Two major factors enabled the Europeans to select African workers:
(1) Precedent had been established in using enslaved Africans on the off-shore African island plantations where sugar was being produced for the European market; and
(2) Native American labor could not sustain or meet the ever-increasing demand. These people escaped, became ill or died quickly.

Perhaps it is fitting that diabetes, especially Type 2, is a pervasive disease throughout the world. The ingredient which made the every day once exotic beverages (tea, coffee, chocolate) from distant lands palatable for the European market may very well kill us all. High fructose and sugar is in almost all processed foods, the sweeter the better it tastes. There have been treatises, books, dissertations, studies on the global sugar economy. Comparisons have been made between the benefits of cane and beet sugar production, and sweeteners are ranked as natural or artificial. The discourse continues. Consumers now have to read carefully product labels to determine “how sweet it is.”
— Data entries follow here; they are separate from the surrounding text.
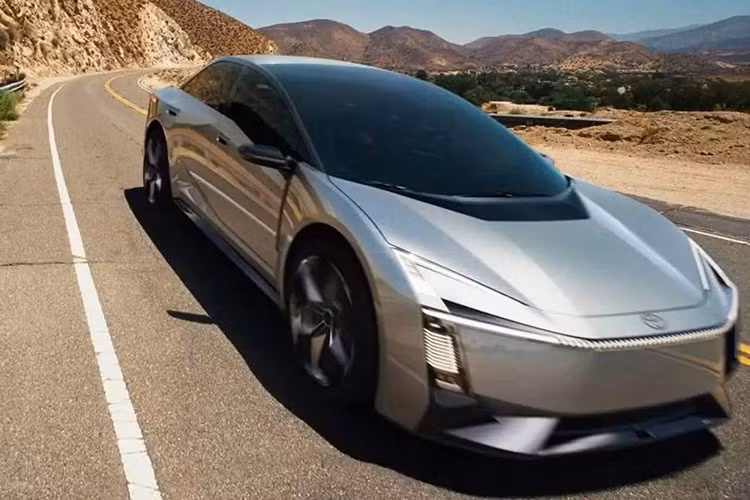 Những sự thay đổi trên mẫu xe Toyota Corolla mới lộ diện này được xem là nỗ lực làm mới hình ảnh của một chiếc Corolla với thiết kế "bảo thủ", nhằm thu hút nhóm khách hàng trẻ, năng động trong kỷ nguyên xe điện.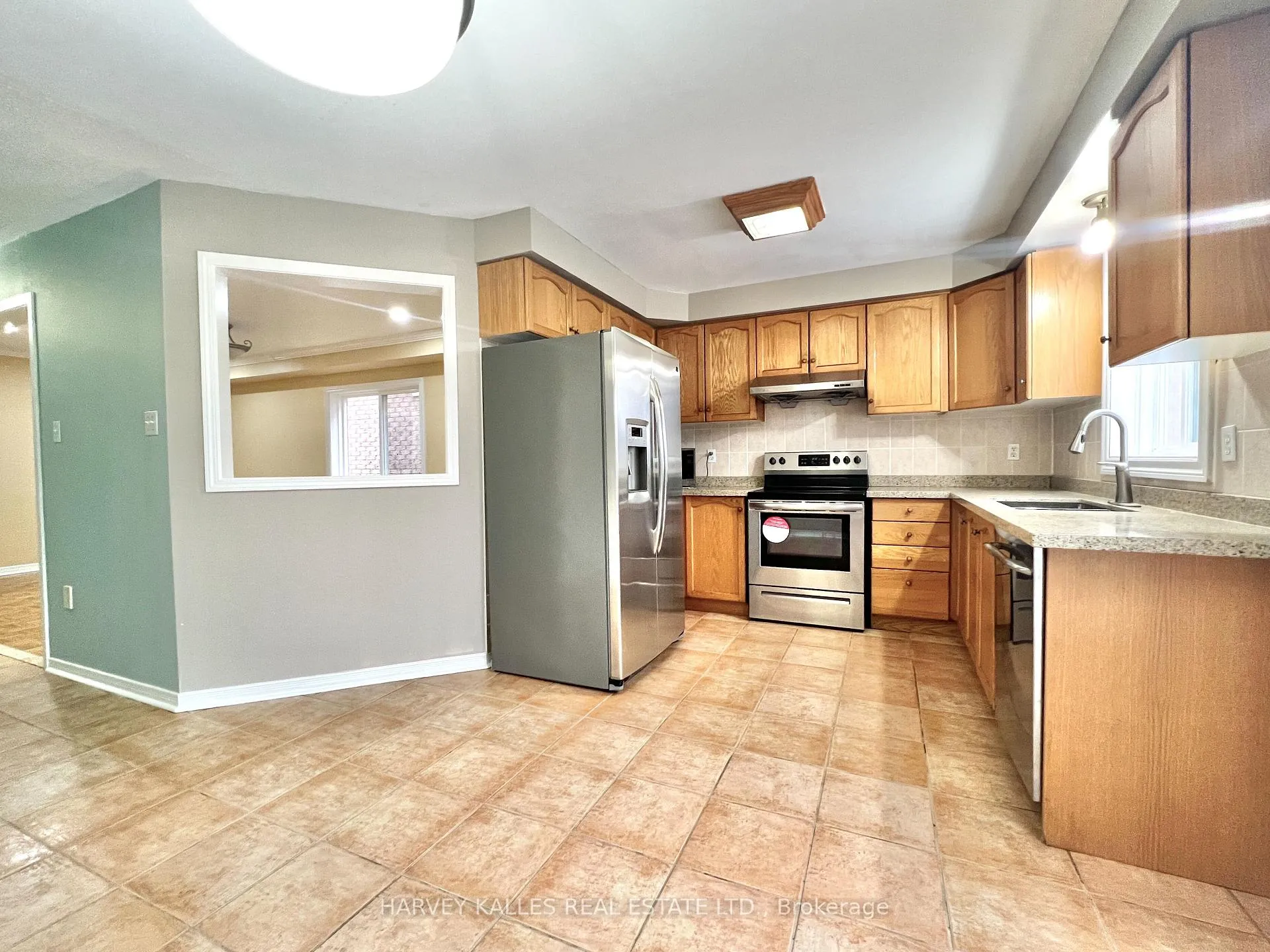 Photo 7 of 55 Native Landing, Brampton, Fletcher's Creek Village — HOMEH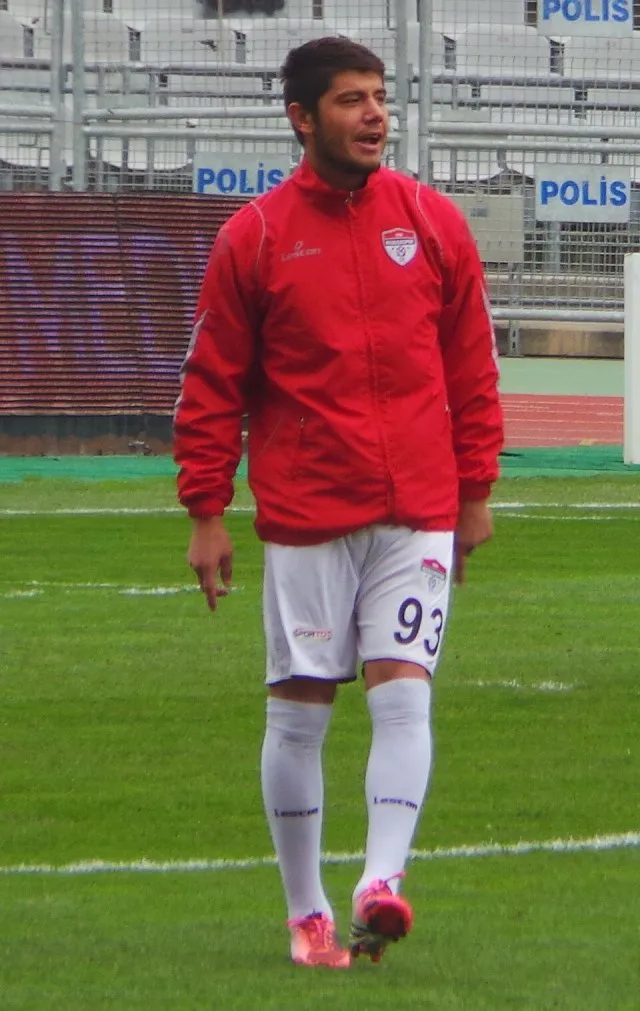 Ali Fırat Okur
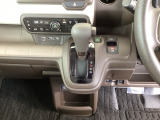 足元スッキリ、インパネシフトです。パーキングブレーキは電子制御パーキングブレーキタイプなので、運転席と助手席の間がスッキリしています。
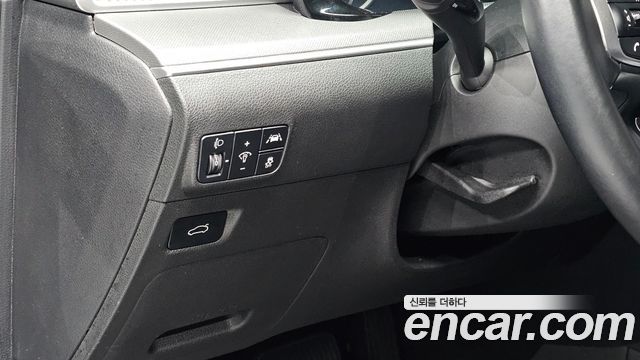 Kia K5 (III) 2.0 Trendy 2023 — фото 18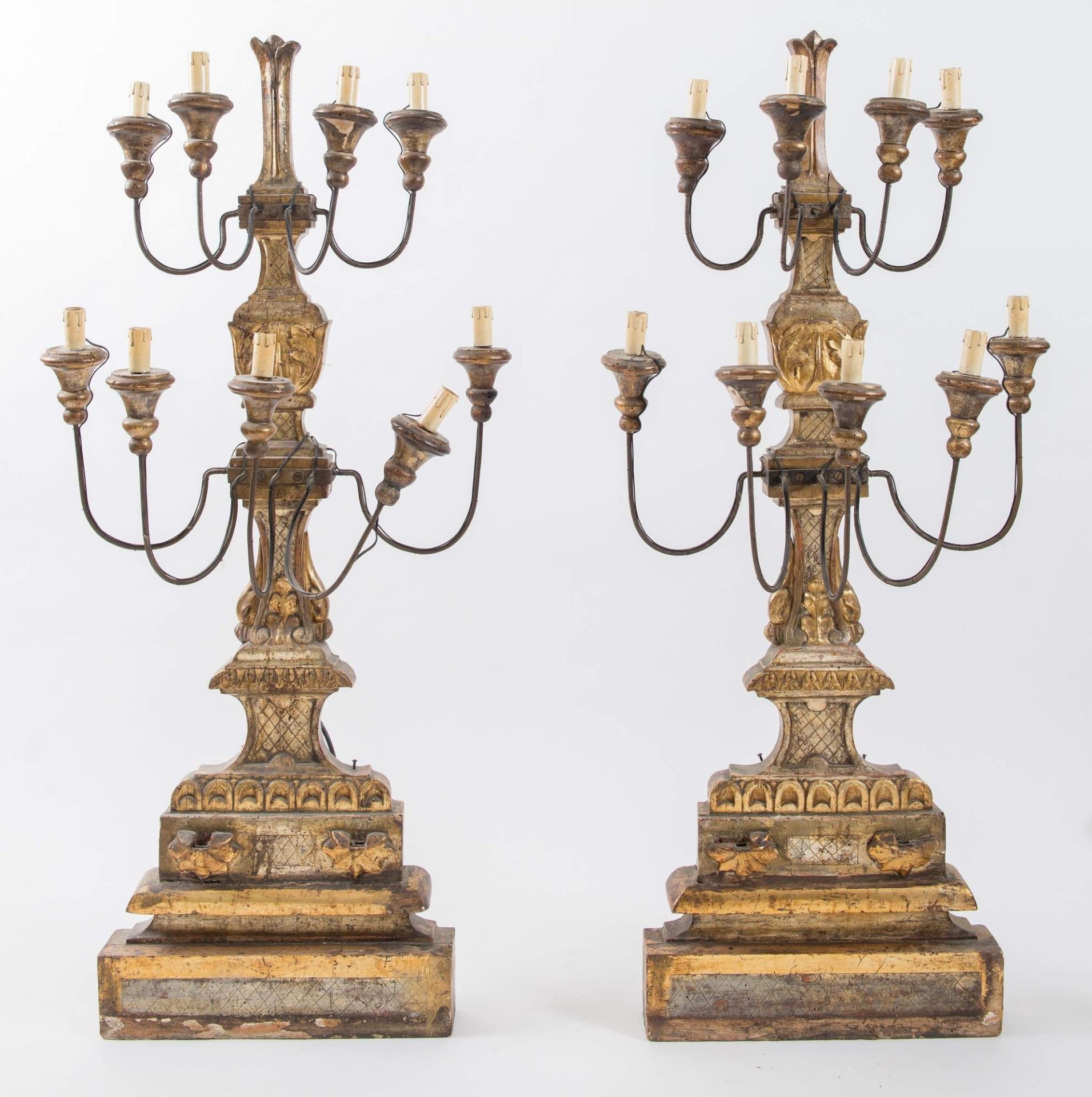 Coppia di grandi candelabri in legno intagliato e dorato. Toscana, ultimo quarto del XVIII secolo.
What is definitely known is that entire geographical landscapes were altered by the sugar industry. Windmills dotted the land in the Caribbean, Central and South America; all were devoted to the pervasive business in sugar. The first use of the word “factory” was not associated with the European Industrial Revolution but with the sugar industry. Increased market demand and the wealth it generated is directly related to the increased demand for Africans to cross the Atlantic and be forced to do this back-breaking work. These Africans “cultivated crops that changed the tastes and habits of Europe” and later the world wrote James Walvin in The Slave Trade. Sugar is an easy example of the development of a global economy. As one desired product becomes more available in cost and amount to more people, auxiliary demands are created for other related products. The major consideration in reducing sugar’s cost and increasing its supply has to be African enslavement in the Americas (1510-1888).